Labour leader Keir Starmer says he'll keep the UK's nuclear weapons in 'age of insecurity'

AP , Monday 3 Jun 2024

British opposition leader Keir Starmer pledged Monday to keep the UK’s nuclear weapons, seeking to dispel criticisms that his center-left Labour Party is soft on defense.

Britain s Labour Party leader Keir Starmer and and shadow Defence Secretary, John Healey walk, during a visit to the Fusilier Museum, Bury in Greater Manchester, England. AP


Starmer is the current favorite to win Britain’s July 4 election and become prime minister. His campaign is centered on his claim to have transformed the party since he replaced Jeremy Corbyn, a longtime opponent of nuclear weapons and critic of NATO, as Labour leader in 2020.

Starmer, 61, told voters they can trust Labour to safeguard the country’s economy, borders and security — trying to overturn a perception that Labour is weaker on security and more profligate with taxpayers’ money, than Prime Minister Rishi Suank's center-right Conservatives.

“My commitment to the nuclear deterrent is absolute,” Starmer said Monday during a campaign appearance at a military museum in Bury, northwest England.

“Nobody who aspires to be prime minister would set out the circumstances in which it would be used. That would be irresponsible, but it is there as part of a vital part of our defense, so of course we would have to be prepared to use it,” he said.

Britain has been a nuclear power since the 1950s, and both Labour and Conservative governments have consistently supported atomic weapons. Since the 1990s, Britain’s nuclear deterrent has consisted of four Royal Navy submarines armed with Trident missiles.

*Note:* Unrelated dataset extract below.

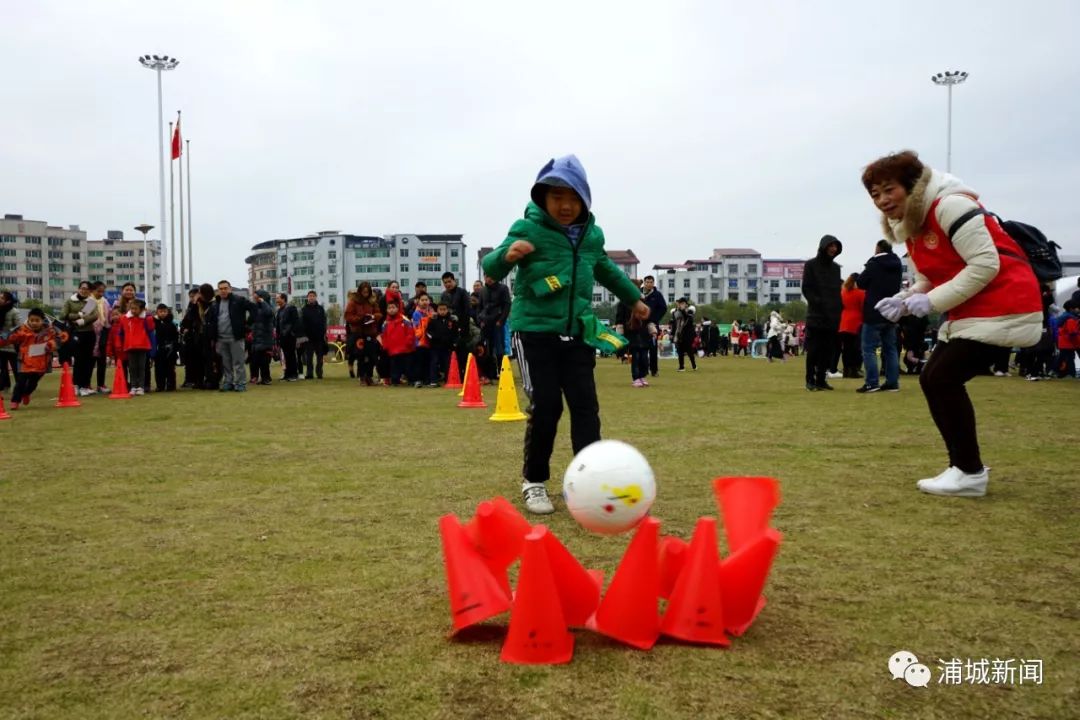 小足球大梦想,小足球大梦想演讲比赛视频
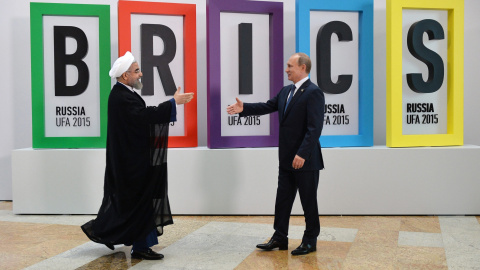 El presidente ruso, Vladímir Putin (d) da la bienvenida al presidente iraní Hasán Rohaní (i) a su llegada a Ufá, Rusia hoy con motivo del encuentro de los líderes de los BRICS (Brasil, Rusia, India, China y Sudáfrica). EFE/-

Starmer said a Labour government would build the four new nuclear submarines that the Conservatives have already committed to. He criticized the Conservatives for defense spending cuts that had given the U.K. “the smallest army since the time of Napoleon,” the French leader who fought Britain 200 years ago.

He said the world had entered “a new age of insecurity” and “national security is the most important issue of our times.”

The schism between pro- and anti-nuclear forces was long a fault-line in the Labour Party. It was Prime Minister Clement Attlee’s Labour government that developed atomic weapons in the years following World War II, making Britain the world’s third nuclear-armed state after the United States and the Soviet Union.

Starmer said his entire top team shared his commitment to the nuclear arsenal, even though several members, including deputy leader Angela Rayner and foreign affairs spokesman David Lammy, voted against renewing Trident in 2016.

He also pledged that a Labour government would increase defense spending to 2.5% of Gross Domestic Product, though he has not set a deadline. Prime Minister Rishi Sunak says his Conservatives will meet the target by 2030.

Defense Secretary Grant Shapps said Starmer had delivered “another empty speech.”

“By refusing to commit to 2.5% defense spending by 2030 he has been unable to show the clear and bold leadership this country needs in uncertain times,” Shapps said.

The Conservatives, who have been in office for 14 years, are trying to overcome a widespread sense that voters want change. On July 4 voters across the U.K. will elect lawmakers to fill all 650 seats in the House of Commons. The leader of the party that can command a Commons majority — either alone or in coalition — will become prime minister.